Wenn wir über den GOAT der Formel 1 reden, dann fallen grundsätzlich Namen wie Senna, Schumacher, Hamilton und eben Verstappen. Alle dieser Fahrer haben eine Gemeinsamkeit: Sie waren nicht immer fair in den Zweikämpfen. Und genau das kann den Ausschlag geben. Natürlich kann man auch lieb und nett einen Titel holen, das kommt immer wieder mal vor. Aber gerade jetzt, wo die Autos so dicht beieinander sind, wird es schwieriger. Norris leistet sich zu viele Fehler, einer davon ist ein zögerliches Verhalten im Zweikampf. In Miami haben wir es gut gesehen, er steckte etliche Runden hinter Verstappen fest, weil er kein Risiko eingehen wollte. Währenddessen konnte Piastri vorne wegziehen. Als er endlich vorbei war, waren die Siegchancen hin. Aber die Weltmeisterschaft ist ein Marathon, wie immer wieder gesagt wird. Wir haben erst ein Viertel hinter uns, es sind noch alle Chancen offen. Und Lando weiß auch, dass nicht Max sein Rivale ist, sondern eben Oscar. Einen Crash riskieren und am Ende eventuell ohne Punkte heimgehen? Oder lieber weniger Punkte mitnehmen und den Abstand nicht zu groß werden lassen?
Ich sehe Parallelen zu Mercedes, zu Beginn ihrer dominanten Jahre. Waren Rosberg und Hamilton 2014 relativ auf Augenhöhe unterwegs, die Entscheidung fiel bekanntlich erst im letzten Rennen, war es 2015 deutlicher für Hamilton. Rosberg zog in Zweikämpfen mit Hamilton oft zurück und ging dem Briten aus dem Weg. Erst als er kaltschnäuziger und aggressiver wurde – also nicht immer ganz fair unterwegs – konnte er sich den Titel auch holen.
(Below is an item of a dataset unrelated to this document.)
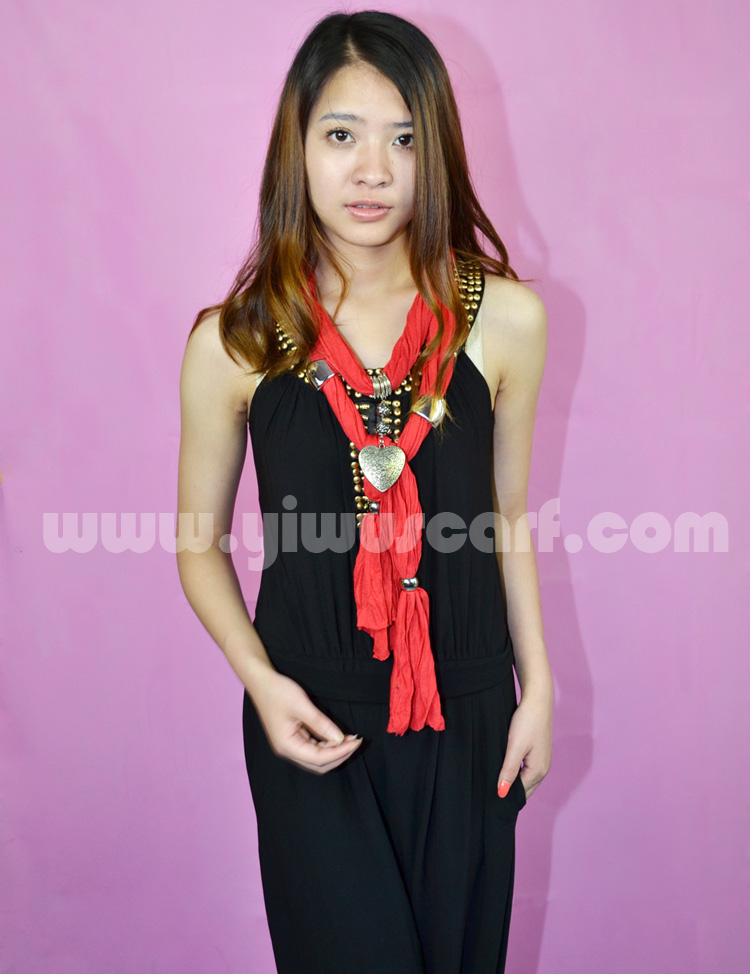 2012 Pendant Scarf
Dabei muss man nicht unbedingt die Regeln hart dehnen und Strafen riskieren, es reicht eben eine gewisse Abgebrühtheit. Diese scheint sein Titelrivale aus dem gleichen Team zu besitzen, schon im letzten Jahr ging er in Monza ohne Rücksicht auf Verluste an Norris vorbei.
Wenn Norris in diesem Jahr noch den Titel holen will, dann muss er genau daran arbeiten. Die Chance ist in diesem Jahr da – und McLaren muss aufpassen, dass nicht am Ende ein dritter Fahrer wie 2007 den Titel unverhofft abräumt. Bei den Konstrukteuren wird der Titel aber wohl wieder nach Woking gehen.